▶ **SOURCE DATA**
· · · · ·
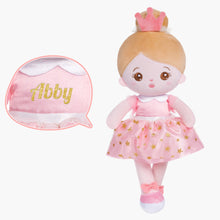 Load image into Gallery viewer, Ouozzz Sweet Soft Personalized Baby Doll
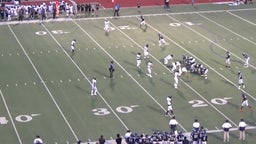 Ranchview football highlights Kaufman High School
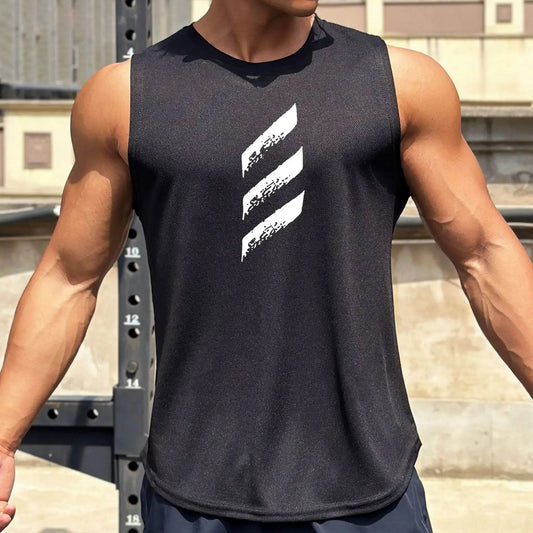 RUASPV Men's Summer Pullover Tank Top - Quick-Drying Sleeveless Vest - Buy Center US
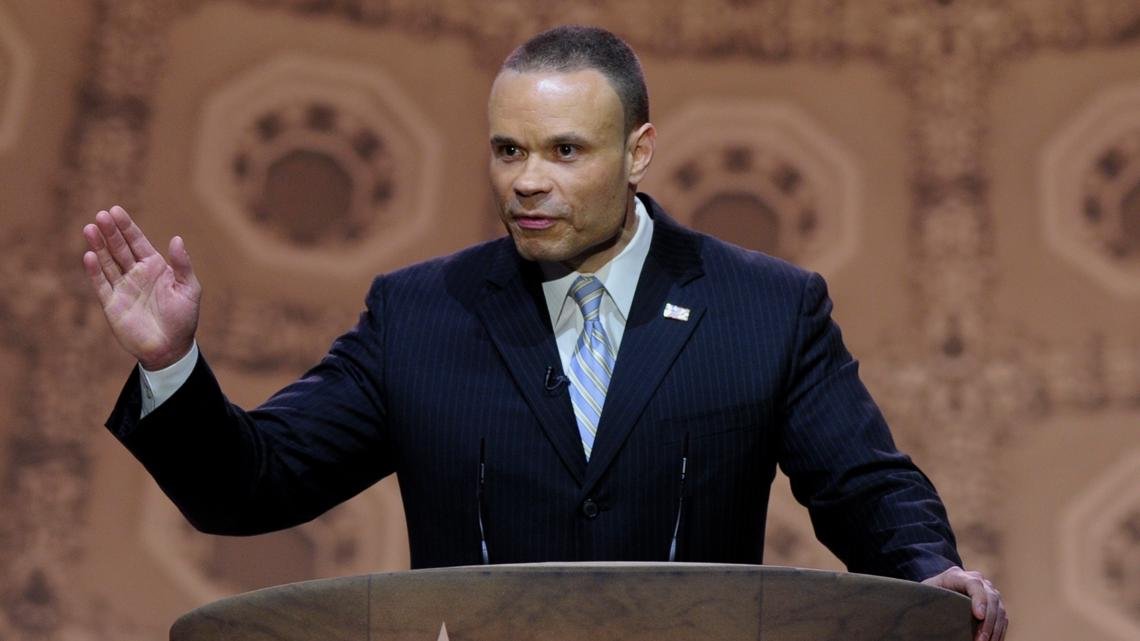 Ex-Secret Service agent and conservative media personality Dan Bongino picked as FBI deputy director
· · · · ·
▶ **EXERCISE AIM**
Exact lines, nothing more: output the one with "Ranchview football highlights" and every later line through the end of the data, skipping pictures.

▶ **SOLUTION TO THE EXERCISE**
 Ranchview football highlights Kaufman High School
 RUASPV Men's Summer Pullover Tank Top - Quick-Drying Sleeveless Vest - Buy Center US
 Ex-Secret Service agent and conservative media personality Dan Bongino picked as FBI deputy director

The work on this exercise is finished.